Given material ::
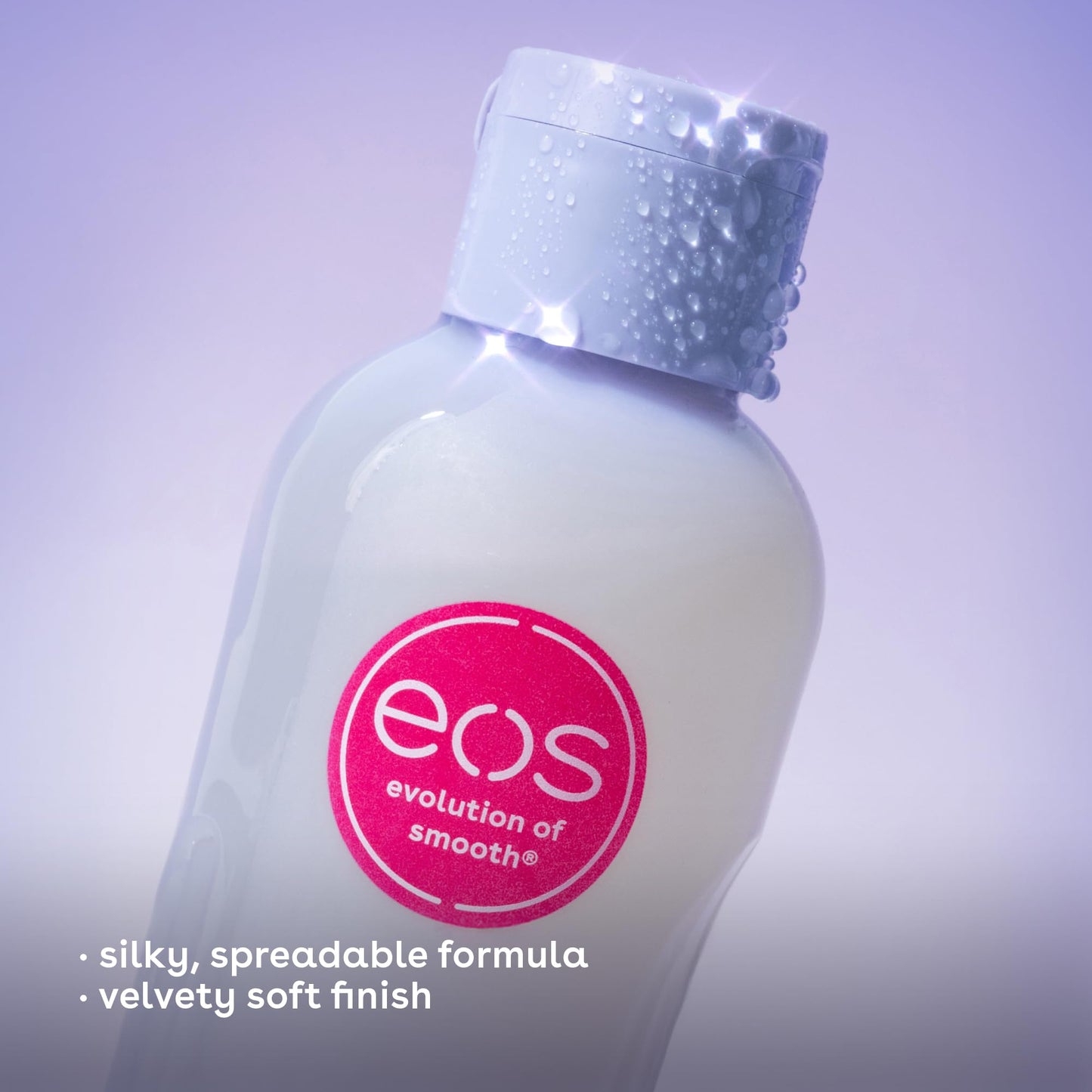 eos Cashmere Oil, Vanilla, 24 Hour Moisture, Plant-Based Squalane to Soothe, Soften and Smooth Dry Skin, 6 fl oz Beauty & Personal Care eos
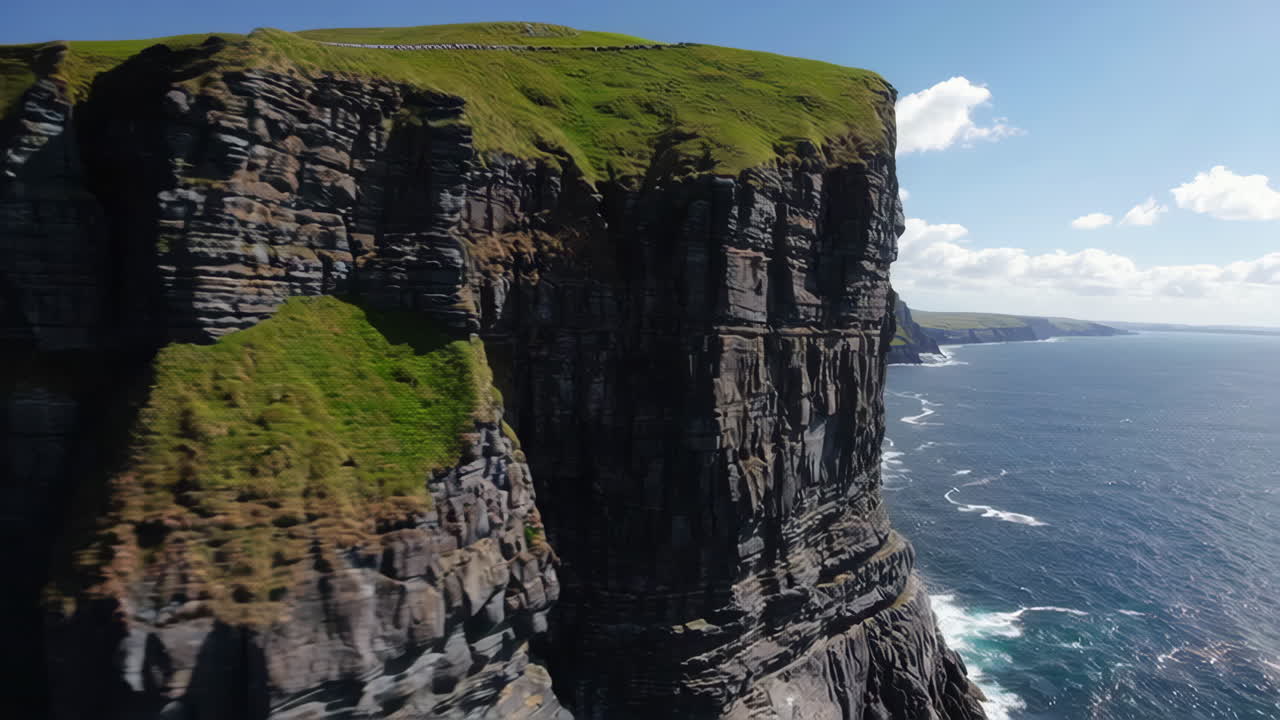 Majestic Cliffs of Moher in Ireland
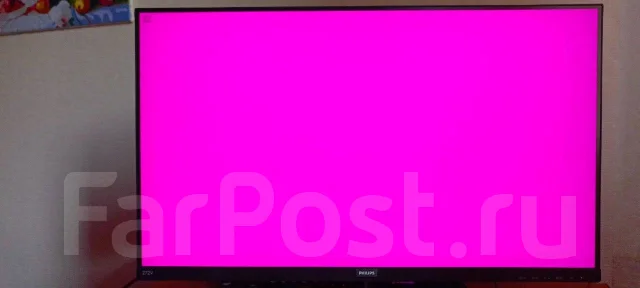 Philips. 27", ���������� �� (LCD, LED, QLED) ����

Task details :: Transcribe the listing in full. Leave the pictures out.

Solution ::
 eos Cashmere Oil, Vanilla, 24 Hour Moisture, Plant-Based Squalane to Soothe, Soften and Smooth Dry Skin, 6 fl oz Beauty & Personal Care eos
 Majestic Cliffs of Moher in Ireland
 Philips. 27", ���������� �� (LCD, LED, QLED) ����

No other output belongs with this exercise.